Samet mengatakan, hal ini akan menjadi tantangan bagi Washington dan Phnom Penh untuk "memperbaiki hubungan yang rusak dan memperkuat hubungan strategis setelah beberapa tahun yang sulit."
"Defisit demokrasi dan permasalahan hak asasi manusia akan tetap menjadi batu sandungan. Kamboja belum mengalami perbaikan sama sekali dalam satu dekade terakhir, dan hal ini sepertinya tidak akan terjadi dalam waktu dekat," tambahnya.
Konsolidasi kekuasaan Dinasti Hun
Oleh para pengamat, kepemimpinan di Phnom Penh diyakini sepenuhnya dikuasai "Dinasti Hun." Tidak ada kekuatan lain di Kamboja yang mampu menandingi kekuasaan Partai CPP, terlebih setelah tokoh oposisi ramai dipersekusi dalam beberapa tahun terakhir.
Hun Sen, ayah dari PM saat ini Hun Manet, berkuasa dengan tangan besi di Kamboja sejak hampir empat dekade, dari 1985 hingga 2023. Dia dikenal ringan tangan dalam mengurung rival politik atau memberangus media independen, serta gemar memanipulasi pemilu demi legitimasi palsu.
Kamboja saat ini bertengger di urutan kedua terbawah, 141 dari 142 negara, dalam Indeks Keterbukaan Negara 2023 yang disusun lembaga riset World Justice Project. Ranking tersebut disusun berdasarkan sejumlah indikator, termasuk hak asasi manusia, keadilan sosial dan ekonomi.
Cina dan Kamboja menggambarkan relasi kedua negara yang telah dijalin sejak 1958 "berpondasi kokoh."
Dalam lawatannya ke Beijing pada bulan September lalu, PM Manet menjanjikan hubungan yang lebih kuat dan mengungkap harapan akan kerja sama yang lebih erat dalam isu-isu internasional dan regional.
"Saya skeptis bahwa banyak hal akan berubah di bawah pemerintahan Hun Manet. Meskipun dia secara dangkal lebih berorientasi Barat dibandingkan ayahnya, Manet memimpin rezim yang secara fundamental masih sama seperti sebelumnya,” kata Samet.
Suara Cina di ASEAN?
Pengaruh Beijing di Kamboja juga terlihat di forum regional seperti ASEAN, di mana Cina hanya berstatus mitra strategis "komprehensif". Dalam pertemuan ASEAN, Kamboja acap mendukung kebijakan Cina, termasuk dalam konflik Laut Cina Selatan.
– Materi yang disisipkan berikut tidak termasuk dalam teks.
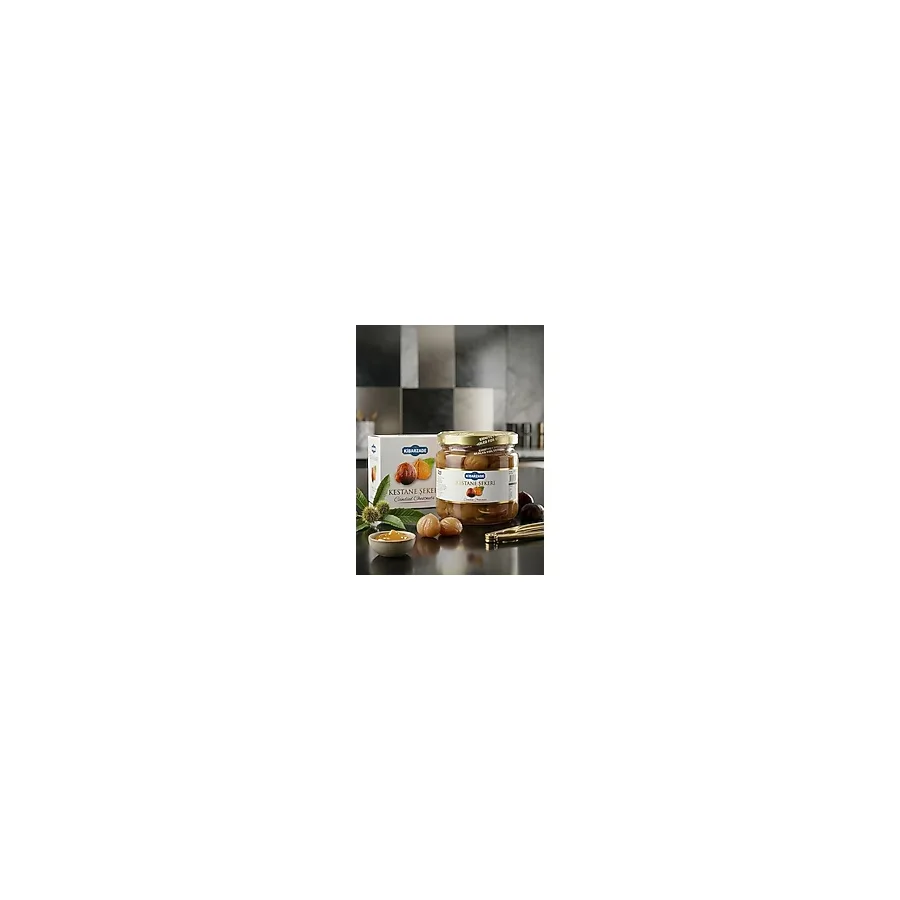 Kibarzade Kestane Şekeri - Şerbetli Kavanoz - 450 Gr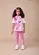 CONJUNTO BLUSA MC E LEGGING MINNIE ANIMÊ P6061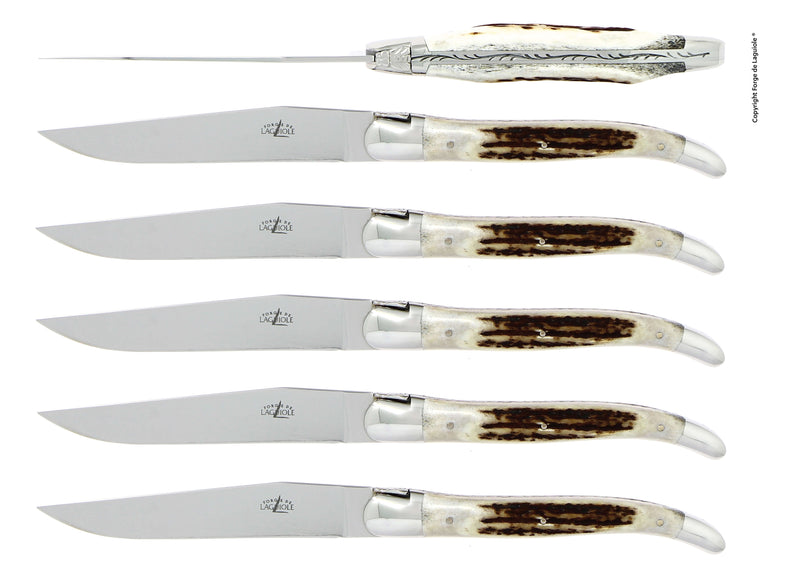 Forge de Laguiole Deer Antlers Forks — Set of 6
Filipina, Malaysia, Brunei, Indonesia dan Vietnam, menentang klaim maritim yang dilayangkan Beijing. Dalam hal ini, Kamboja berperan sebagai penghubung dan sekutu bagi Beijing.
"Persaingan dan konflik di Laut Cina Selatan telah mendorong sklerosis lebih lanjut di ASEAN," kata Samet. "Beijing membuat pengaruhnya terasa di seluruh kawasan, namun Kamboja sangat terkena dampaknya," pungkas Samet.